くねくね道を3時間バスで揺られ、フラフラしながらバックハーに降り立つと、そこはまるでお花畑だった。色鮮やかな民族衣装を身にまとった人々であふれかえっていたのだ。花モン族とはうまいこと言ったものだ。

民族衣装を見ると、「みやげ物買え買え攻撃」が脳裏をかすめ、思わず身構えてしまったんだけど、彼女たちの大半は僕ら旅行者なんかいっこうにかまう様子もなく、各々の買い物に夢中だった。逆に、写真を撮っている僕らのことを「あんたらジャマよ」とばかりに、グイッとおばあちゃんたちに押しのけられたりするのだった。

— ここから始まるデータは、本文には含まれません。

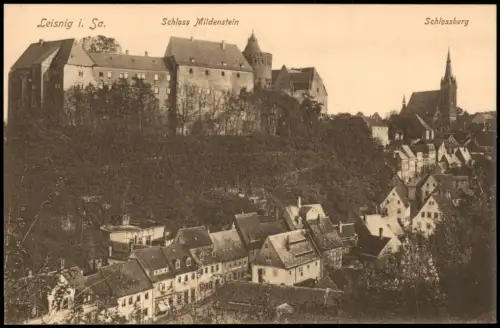 Ansichtskarte Leisnig Schlossberg Schloss Mildenstein 1913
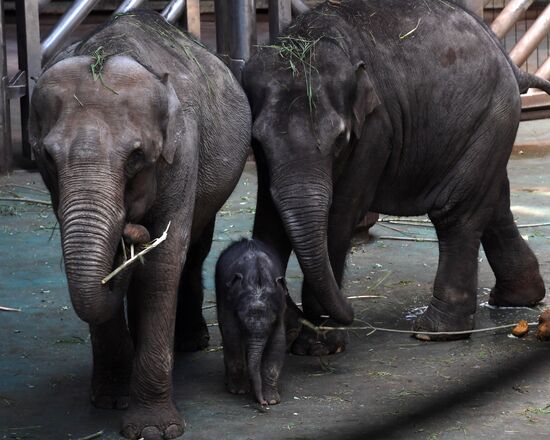 Asian elephant calf born at the Moscow Zoo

彼女たちは、週に1度、うんとおめかしをしてこのマーケットにやって来て、食料、日用品などを買い込んだり、久しぶりに違う村の友達と会っておしゃべりしたりするらしい。東京でいうと原宿みたいなもんか。いや六本木か。いや高田馬場か。
中には夜明け前に村を出発し、20キロもの道のりを歩いて来る人たちもいるんだとか。

アイスをなめているいる人たちをたくさん見たので、僕らも食べてみることにしたんだけど、あまりおいしいものじゃなかった。でも彼女たちにとっては週に1度の楽しみだったりするのかなあ。1本1000ドン(7円)也。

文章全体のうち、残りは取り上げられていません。